Dans une note ultérieure, citée par Buttigieg, Gramsci déclare ensuite : « Loria n’est pas un cas individuel tératologique : il est plutôt l’exemple le plus complet et le plus parfait d’une série de représentants d’une certaine couche intellectuelle d’une certaine période ; en général, de cette couche d’intellectuels positivistes ». Gramsci poursuit ensuite en soulignant ce qui parle de notre présent : « Mais il faut souligner que chaque période a son propre lorianisme plus ou moins accompli et perfectionné, et que chaque pays a le sien ». Enfin, dans une lettre de prison datée du 30 décembre 1929, Gramsci admet :

« Peut-être, et très probablement, certains de mes commentaires sont-ils exagérés ou même injustes.

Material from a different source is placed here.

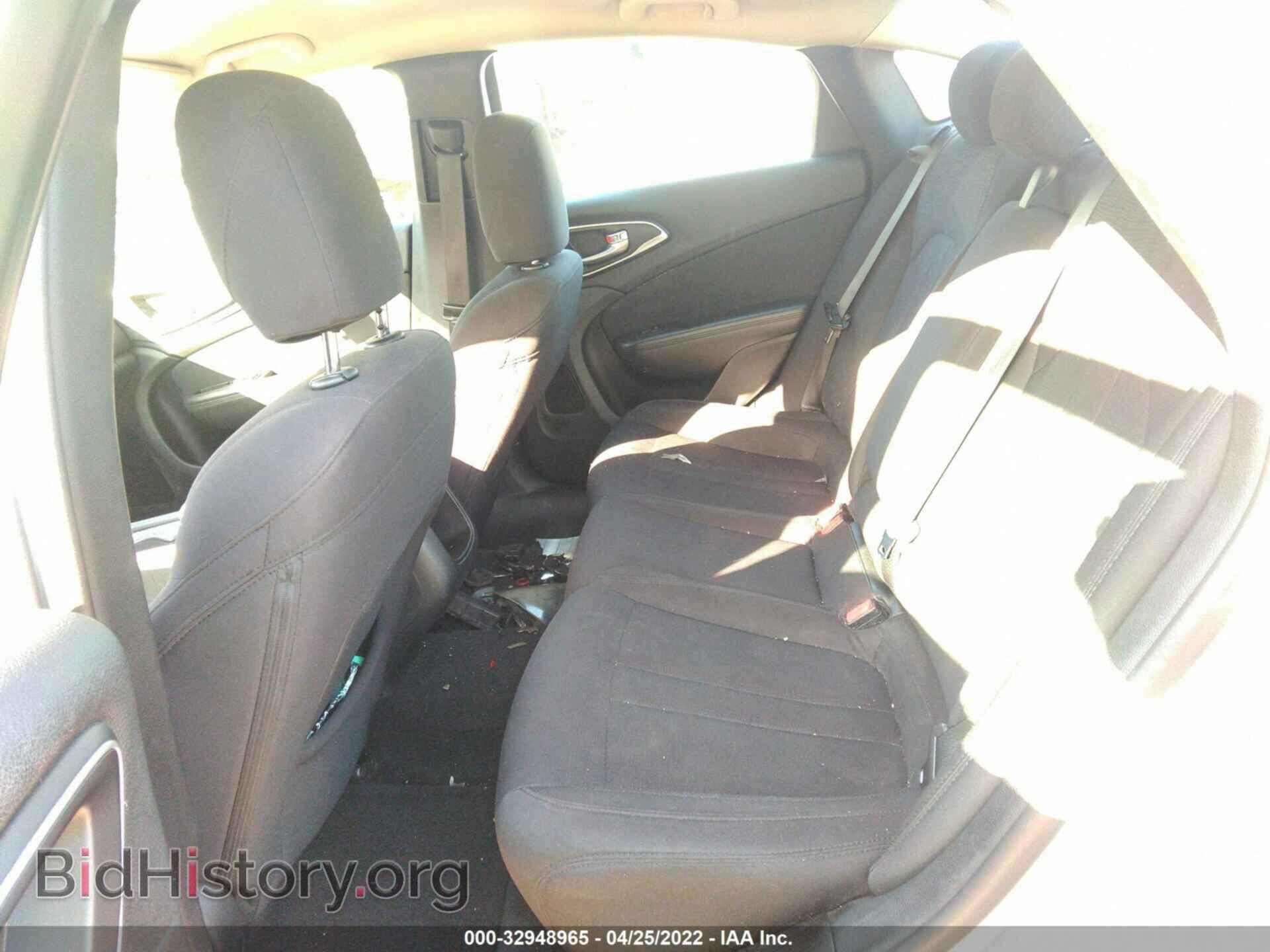 2015 CHRYSLER 200 - VIN: 1C3CCCAB5FN646740 - Фото 8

Reconstituer un mégathérium ou un mastodonte à partir d'un petit os était le don particulier de Cuvier, mais il peut aussi arriver qu'à partir d'un morceau de queue de souris on puisse reconstituer un serpent de mer » — ou un Léviathan, ou une baleine, comme Moby Dick.

Curieusement, Edward Said dans orientalisme Said pose le philologue Ernest Renan comme l'analogue de Cuvier, de sorte que l'orientalisme linguistique du premier (Renan) est maintenu comme implicitement lié à l'approche anatomique du second (Cuvier), tous deux s'appuyant sur des formes de connaissance directement observables. « Le texte d'un ouvrage linguistique ou anatomique », écrit Said, « entretient le même rapport général à la nature (ou à l'actualité) qu'une vitrine de musée présentant un spécimen de mammifère ou d'organe ».

Ce que cet excursus nous apprend, c’est qu’il est important d’éviter les références vagues et répétitives à des auteurs (qu’il s’agisse de Gramsci, Melville ou Said) et de reconnaître plutôt l’importance de textes engageants dans leur ensemble complexe et stimulant. Nous devons tenir compte des conseils avisés de Michael Burawoy car « trop souvent, les écrits de Gramsci… ont été ravagés comme des carcasses de cadavres – les parties les plus utiles arrachées à leur enveloppe qui leur donne du sens et transplantées dans des théories défaillantes ». On peut également penser ici aux carcasses ravagées de baleines mortes au nom de l’exploration, de l’exploitation et de la domination scientifiques de la nature.

L'accent mis sur l'internalisation de la méthode du matérialisme historique et la position de Gramsci dans cette méthode en tant que marxiste est une approche permettant de saisir la pertinence de Gramsci aujourd'hui. En plus de contribuer à une lecture agréable et significative de Moby Dick.